ABOUT THIS EXERCISE: Return the full listing word for word, but drop every picture from it.

RECORDS SHOWN:
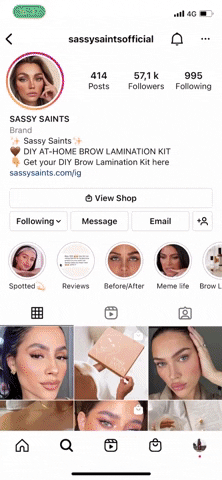 sassysaints giphygifmaker GIF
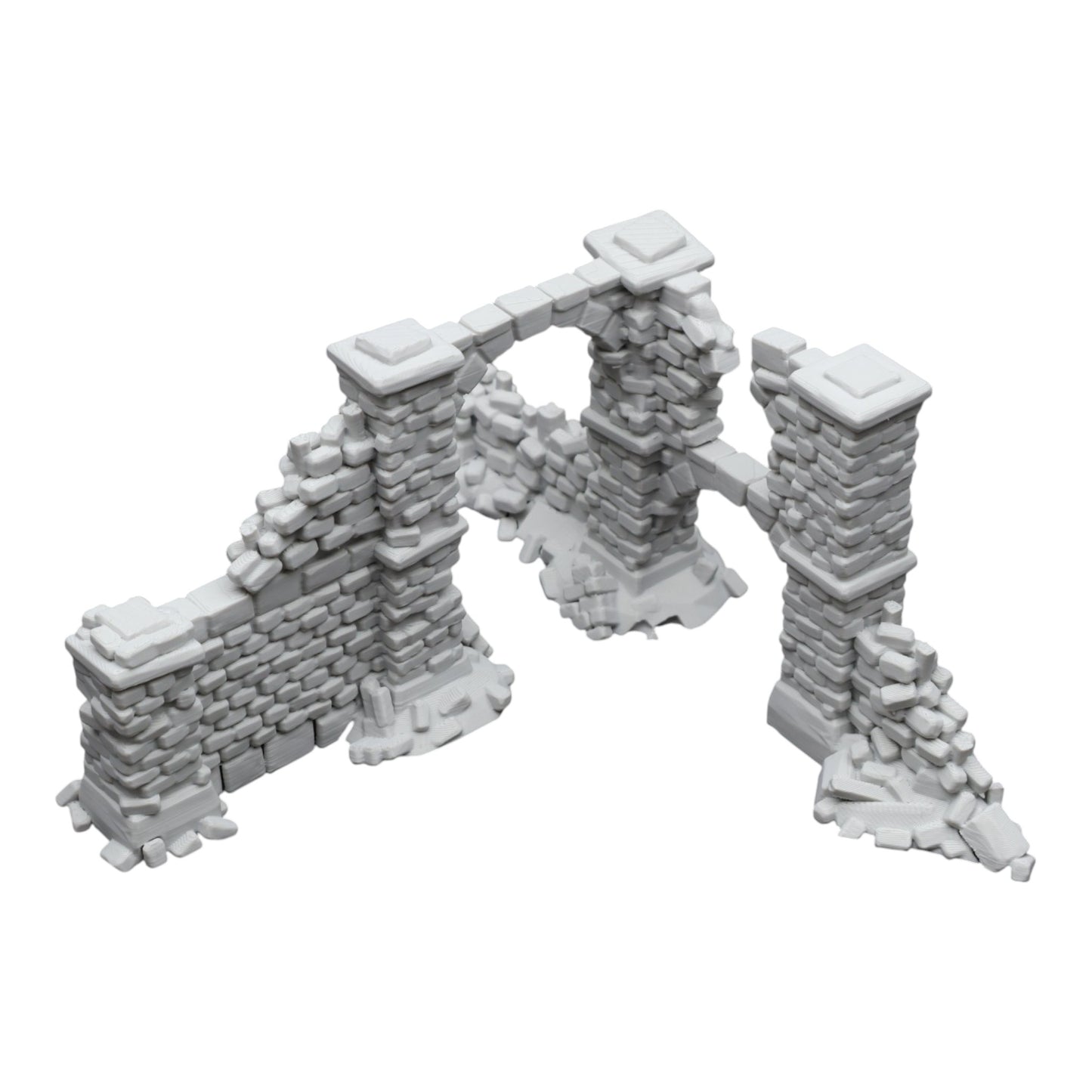 Wargaming 28mm scatter terrain scenery showing 3D-printed item that is compatible with games such as Warhammer 40K, Star Wars Legions, D+D, Dungeons and Dragons, Sci-Fi, Fantasy and other miniature tabletop games. Brand Jawar3d found at www.jawar3d.co.uk.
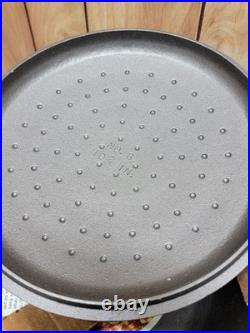 Rare Nos. Vintage #8 Cast Iron Atlanta Stove Works Cast Iron Dutch Oven New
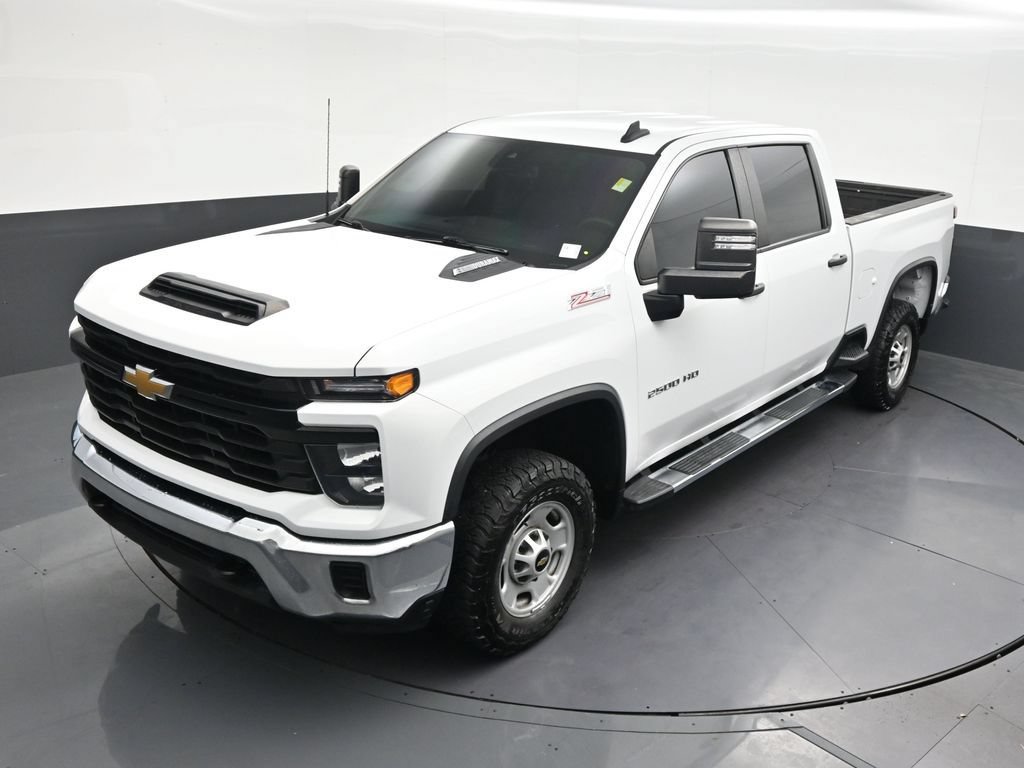 Used 2024 Chevrolet Silverado 2500 W/T w/ WT Convenience Package AWD/4WD image 15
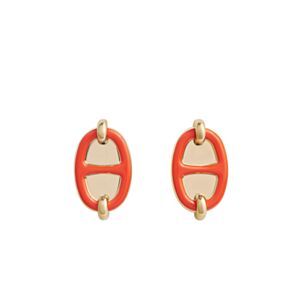 Hermes Mini Maillon Earrings 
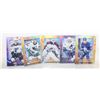 Image 1 : 5 SKYBOX E-X 2000 HOCKEY INSERT CARDS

RESPONSE AREA:
 sassysaints giphygifmaker GIF
 Wargaming 28mm scatter terrain scenery showing 3D-printed item that is compatible with games such as Warhammer 40K, Star Wars Legions, D+D, Dungeons and Dragons, Sci-Fi, Fantasy and other miniature tabletop games. Brand Jawar3d found at www.jawar3d.co.uk.
 Rare Nos. Vintage #8 Cast Iron Atlanta Stove Works Cast Iron Dutch Oven New
 Used 2024 Chevrolet Silverado 2500 W/T w/ WT Convenience Package AWD/4WD image 15
 Hermes Mini Maillon Earrings 
 Image 1 : 5 SKYBOX E-X 2000 HOCKEY INSERT CARDS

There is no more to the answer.